- Born: 16 October 1804 Sommières, department of the Gard, France
- Died: 21 September 1870 (aged 65) Ax-les-Thermes, Ariège, France
- Education: Collège de France, École des Mines, Muséum national d'histoire naturelle
- Known for: Statistique, Géologique, Mineralogique, Métallurgique et Pleontologique du Departement du Gard
- Spouse: Pauline Borel
- Scientific career
- Fields: Palaeontologist and geologist
- Academic advisors: Georges Cuvier, Étienne Geoffroy Saint-Hilaire, Adrien-Henri de Jussieu

= Émilien Dumas =

Jean Louis George Émilien Dumas (16 october 1804 – 21 September 1870) was a French scholar, palaeontologist, and geologist.

== Biography ==

Born to a Protestant family of the bourgeoisie in Gard, Émilien Dumas was immersed from his early childhood in an atmosphere of learning and erudition. His father, a former merchant involved in agriculture, was an educated man. The native flora of Gard provided him with his first field of study. From 1815 to 1824, he studied at Morges, Switzerland, then at Basel, where his passion for the natural sciences matured. He returned to his homeland in 1824 following the death of his mother.

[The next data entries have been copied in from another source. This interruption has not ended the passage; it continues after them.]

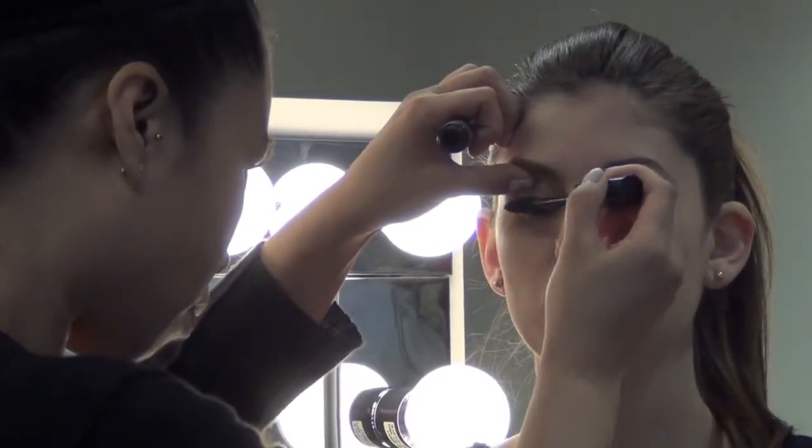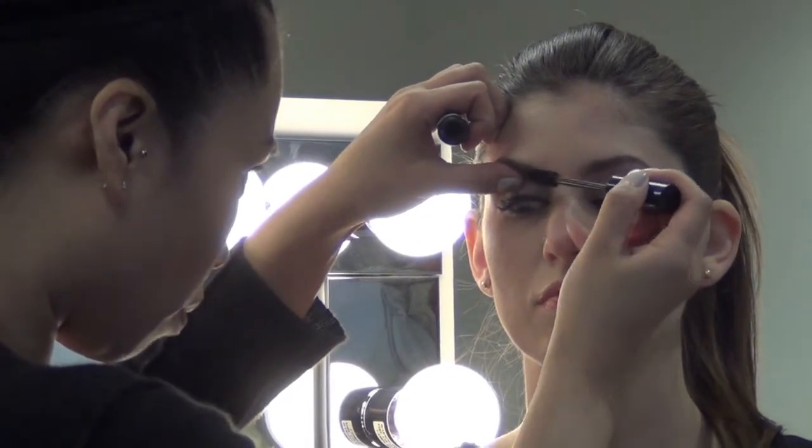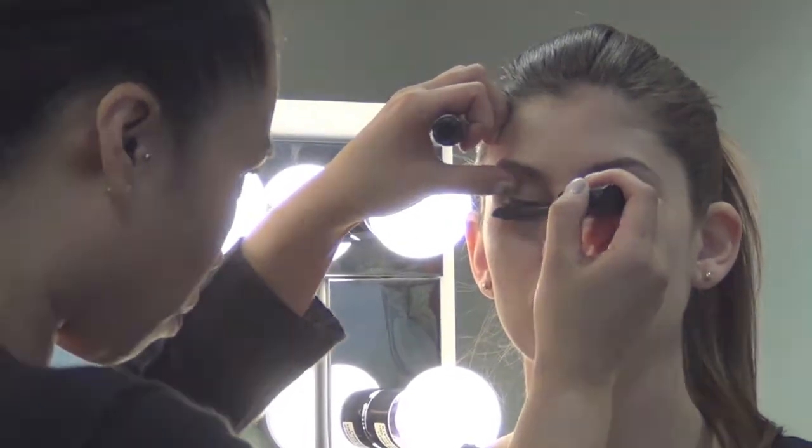To finish off this look and really pump up the volume, use Cargo Texas Lash Mascara and apply two to three coats.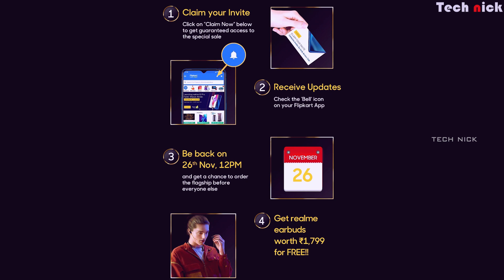You can buy this mobile starting from the November 26 sale. Invites are available on November 21 and November 23 at 12:30 PM, with the main sale on November 26.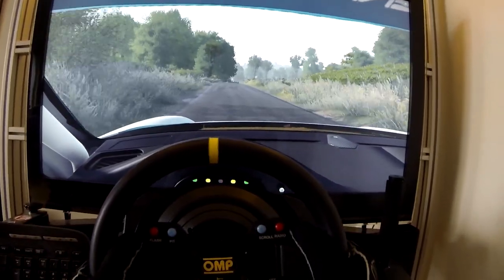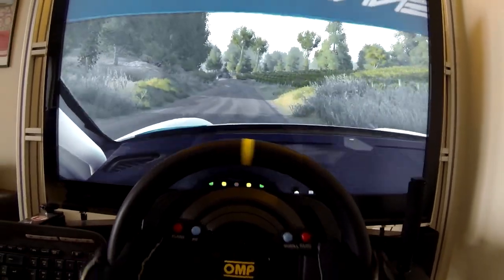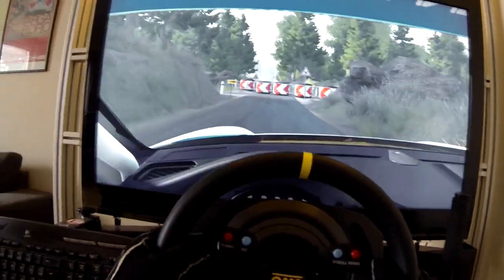Into right 9, over bump, and left 8, 50, caution, hard break, square left, narrows, 50.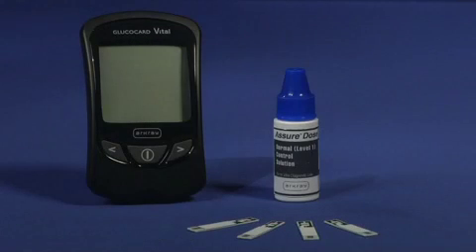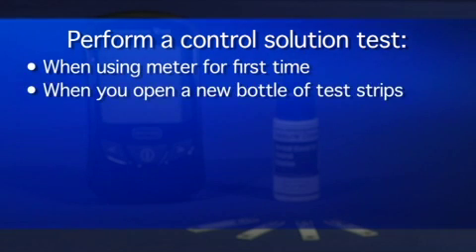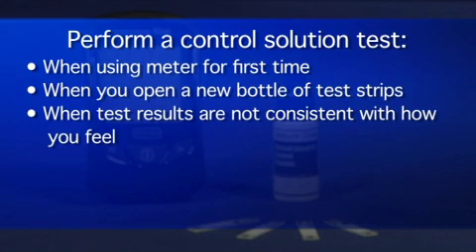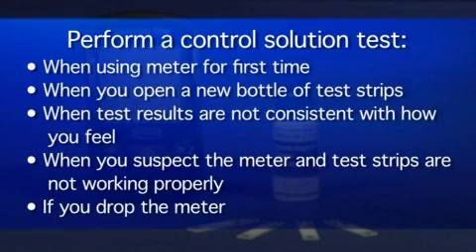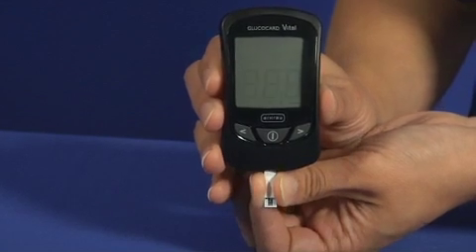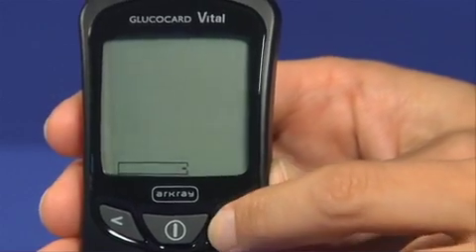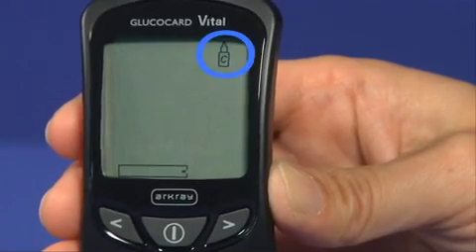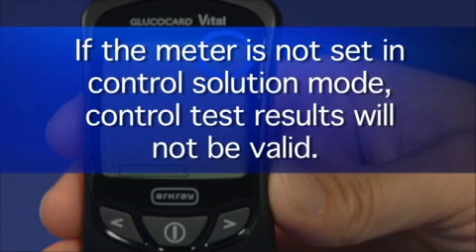To perform a control solution test, you will need your Glucocard Vital Meter, test strips, and control solution. It is recommended that you perform a control solution test when you use the meter for the first time, when you open a new bottle of test strips, when test results are not consistent with how you feel, when you suspect the meter and test strips are not working properly, or if you drop the meter. Insert a test strip into the meter and press the back or forward button until the control solution bottle symbol appears in the upper right corner of the screen. If the meter is not set in control solution mode, control test results will not be valid.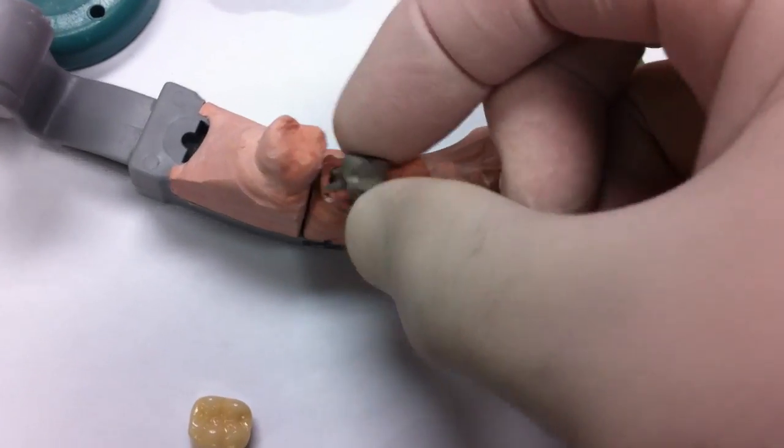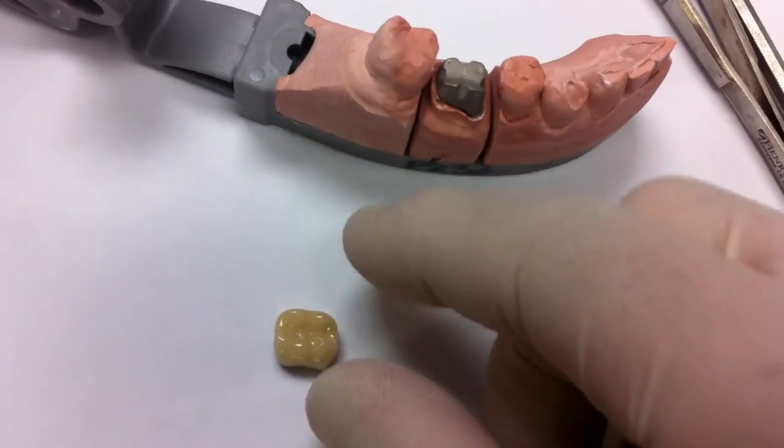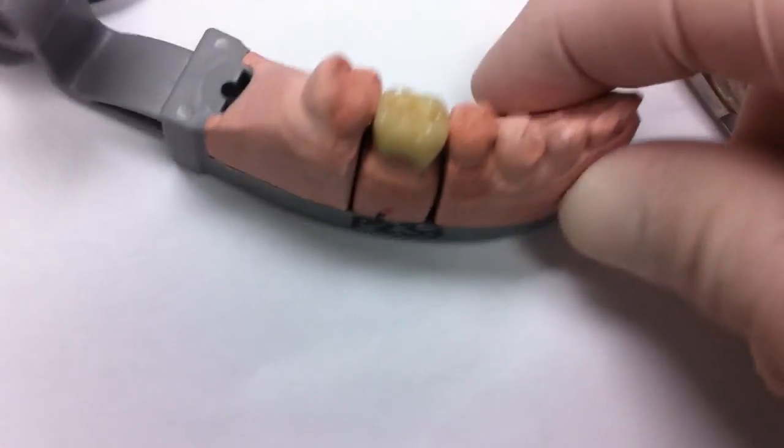Here I am inserting the post — right there. That's how it fits. And here's the crown that goes onto the post. As you can see, it's a perfect fit.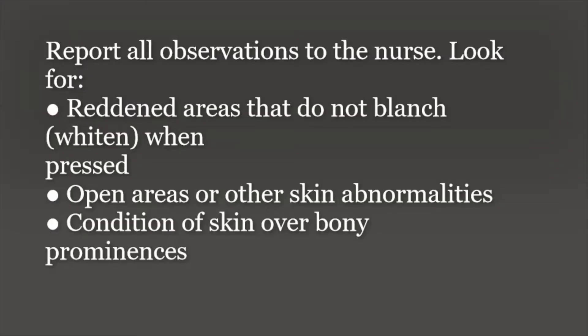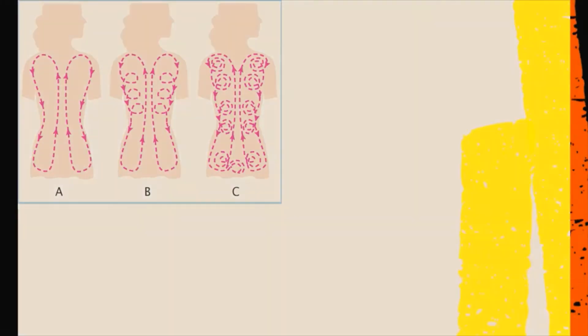There are a few other pointers that need to be remembered. If you see a reddened area that does not whiten when pressed, you need to report to the nurse. Similarly, if you observe any open area, skin abnormality, or a condition of the skin over bony prominences, you need to report all these to the nurse.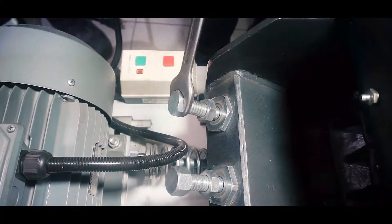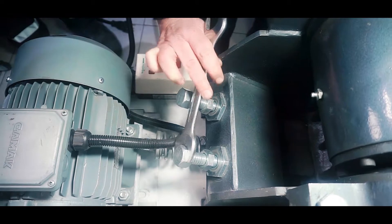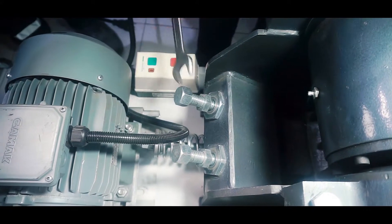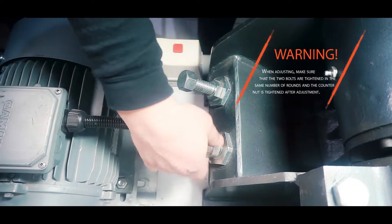With the help of the adjustment bolts on the back of the machine, we adjust the output grain size of the material to be broken and the distance between the jaws before starting. When adjusting, make sure that the two bolts are tightened in the same number of rounds and the counter nut is tightened after adjustment.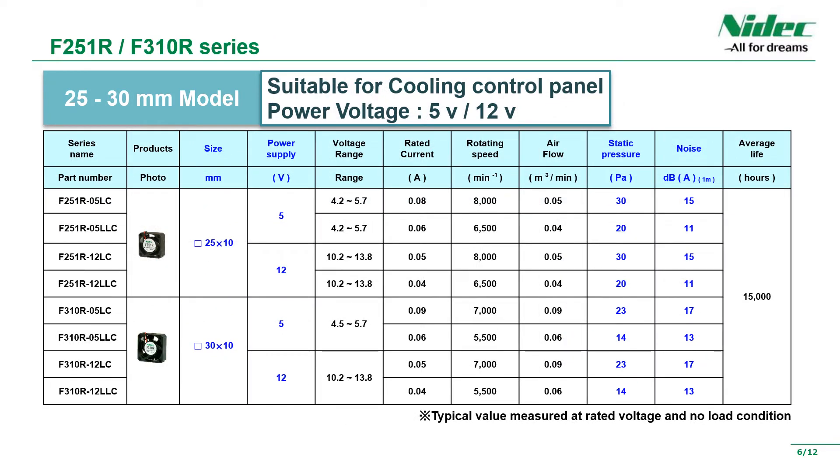Next are specifications for 25mm square and 30mm square products. The size is ideal for cooling control panels and so on. There are 5V and 12V products, and you can choose from 8 models.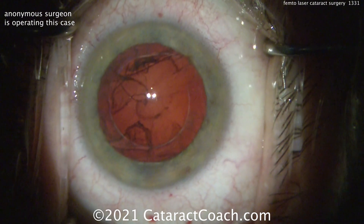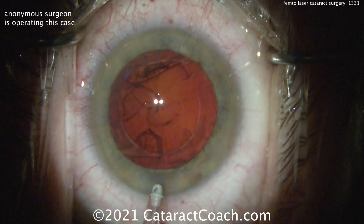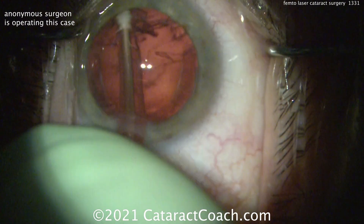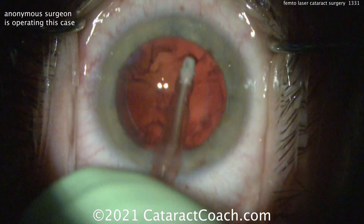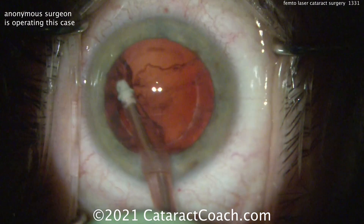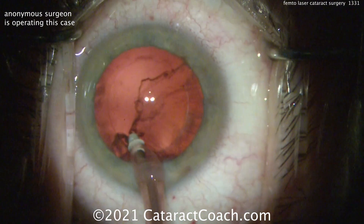And similarly, remember that capsulotomy edge — it's not really a capsulorhexis, it's a capsulotomy. That edge of it is kind of like the edge of a postage stamp — tiny little spots, so small that we can't really see that, but it's not torn like a capsulorhexis. Capsulorhexis — 'rhexis' means to tear — and that means it's a lot stronger.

Embarking on a career in the sciences, he went to Paris and studied at the Collège de France, the Ecole des Mines de Paris and the Muséum national d'histoire naturelle, and with Georges Cuvier, Étienne Geoffroy Saint-Hilaire, and Adrien-Henri de Jussieu.

His education in the natural sciences was well rounded, and he threw himself with equal passion into Zoology, Mineralogy, and Botany, as well as engaging in the contemporary debate over Lamarckism.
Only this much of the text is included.